Conference Coverage

Obinutuzumab provides strong early responses in untreated MCL



– For patients with untreated mantle cell lymphoma (MCL), the anti-CD20 monoclonal antibody obinutuzumab may one day offer an alternative to rituximab, according to investigators.

Patients in the LYMA-101 trial were given four cycles of obinutuzumab in combination with dexamethasone, high-dose aracytine, and platinum chemotherapy (O-DHAP), followed by autologous stem cell transplantation (ASCT) and maintenance obinutuzumab. After a median follow-up of 14.6 months, ranging from 3.8 to 24.4 months, 85% of evaluable patients had achieved minimal residual disease (MRD) in bone marrow, reported lead author Steven Le Gouill, MD, PhD, of the University Hospital of Nantes, and his colleagues.

In this disease population, an MRD rate of 85% is “unprecedented,” Dr. Le Gouill said during his presentation at the annual congress of the European Hematology Association. Based on findings from LYMA-101 and preclinical data, Dr.
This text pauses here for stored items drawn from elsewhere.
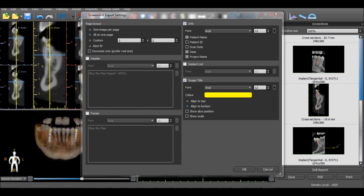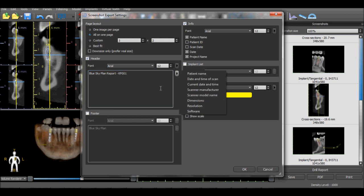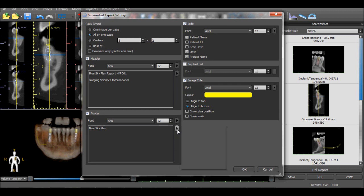The dialog box allows the user to define how the report will be generated. In the Page Layout section, the user can select how the images should be laid out on the page. The Header selection allows the user to include a header with any text they would like. The user can enter their own text into the boxes or select from different options of information to be included in the report. The font, size, and style can all be selected as well. Similar options exist for the footer.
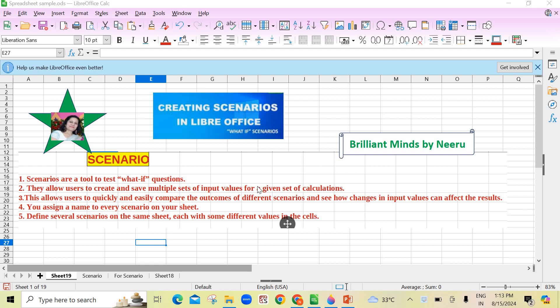Hello my dear students, welcome back to your channel Brilliant Minds by Neel. In this video I am going to teach you practically what scenarios are, how you can create and delete them in LibreOffice Calc. It's a very important topic for students of class 10th who are studying LibreOffice in IT 402 code. So let me start with it.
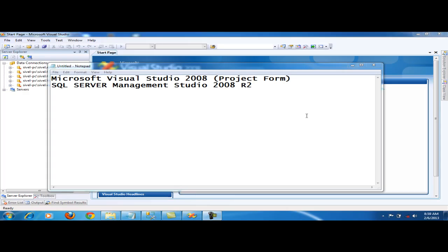Good day everyone. I will show you how to connect Microsoft Visual Studio 2008 VB Form into SQL Server Management Studio 2008 R2.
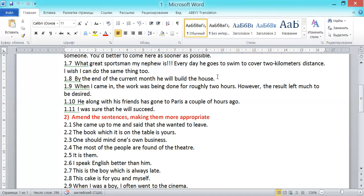The ninth sentence: 'When I came in, the work was being done for roughly two hours. However, there's not left much to be desired.' But for the words 'for roughly two hours,' everything would be all right with 'the work was being done.' However, 'for roughly two hours' means the work started two hours before somebody came in, so we're supposed to use the past perfect: 'the work had been done for roughly two hours.' The corrected version: 'When I came in, the work had been done for roughly two hours. However, the result left much to be desired.' By the way, 'leaves much to be desired' is an idiomatic expression meaning something isn't as good as you want it to be.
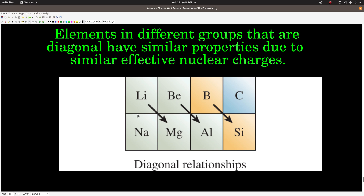The last thing is diagonal relationships. We can now predict the relative atomic radii, first ionization energies, and electron affinities based on positions in the periodic table with those exceptions. If we have two elements that are diagonal to each other — for example, lithium and magnesium, beryllium and aluminum, boron and silicon — when they're diagonal like this, the values are roughly similar. They have roughly the same atomic radius, first ionization energy, and electron affinities, because they have basically the same effective nuclear charges. That's all there is to it.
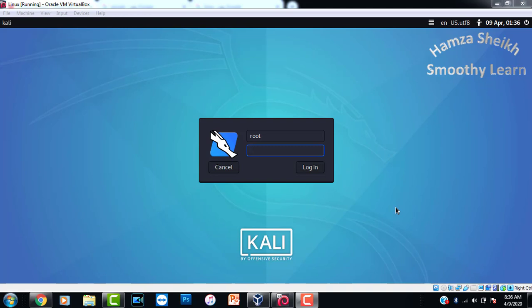Hello everyone, this is Hamza from Smoothie Learn. Many of you face a lot of issues with external adapters while running Aircrack-NG, where you will not be able to get any data or you cannot find or discover the networks around you.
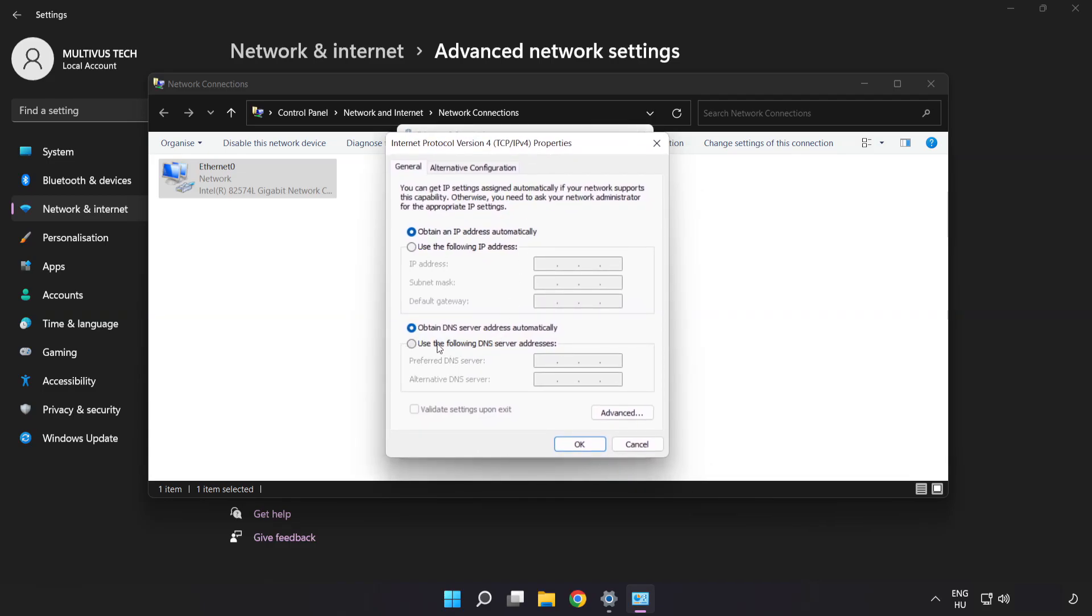Click Use the Following DNS Server Addresses. Type 8.8.8.8. Type 8.8.4.4.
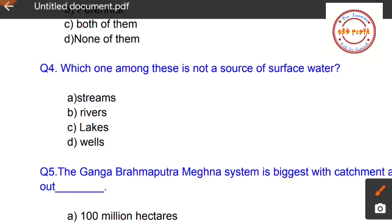Question number four: Which one among these is not a source of surface water? Surface water is the water found on the surface of the earth, not below it. The first option is streams (nala), and the options include various water bodies. Wells are not a source of surface water — they are a source of groundwater.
Le Gouill suggested that obinutuzumab may become an alternative to rituximab, the current standard anti-CD20 antibody.

“There are few data of interest for obinutuzumab in MCL, but there is a strong rationale in the lab as obinutuzumab has a different mechanism of action against tumor cells [than rituximab], with more efficacy against MCL cells,” Dr. Le Gouill said.
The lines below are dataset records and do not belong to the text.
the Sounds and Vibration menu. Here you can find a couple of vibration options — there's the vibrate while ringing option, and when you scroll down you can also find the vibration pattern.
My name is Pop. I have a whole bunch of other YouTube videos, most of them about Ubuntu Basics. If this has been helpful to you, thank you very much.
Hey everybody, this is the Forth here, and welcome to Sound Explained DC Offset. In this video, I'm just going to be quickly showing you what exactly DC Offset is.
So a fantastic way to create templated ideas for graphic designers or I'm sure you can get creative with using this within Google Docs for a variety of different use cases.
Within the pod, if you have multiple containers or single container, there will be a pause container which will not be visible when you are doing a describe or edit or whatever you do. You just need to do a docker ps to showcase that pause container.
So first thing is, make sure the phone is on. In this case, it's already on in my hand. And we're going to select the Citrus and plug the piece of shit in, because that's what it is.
Data from the ongoing phase 2 trial were drawn from 85 patients with untreated MCL who were 65 years or younger at the time of enrollment. More specifically, median patient age was 55.5 years and 17.4% of patients had blastoid disease. All patients were given the O-DHAP/ASCT/obinutuzumab protocol, with a maintenance period of 3 years. Thereafter, MRD-positive patients may receive obinutuzumab on-demand.

The primary endpoint was MRD in bone marrow after induction therapy, measured by quantitative PCR (qPCR) and droplet digital PCR (ddPCR). Secondary endpoints included response rates, survival measures, incidence of stem cell collection failure after O-DHAP, and MRD rates at additional therapeutic time points.

Owing to the ongoing nature of the study, Dr. Le Gouill focused on the primary endpoint during his presentation.

Analysis showed that 75% and 85% of evaluable patients had achieved negative MRD in bone marrow after induction, according to qPCR and ddPCR, respectively.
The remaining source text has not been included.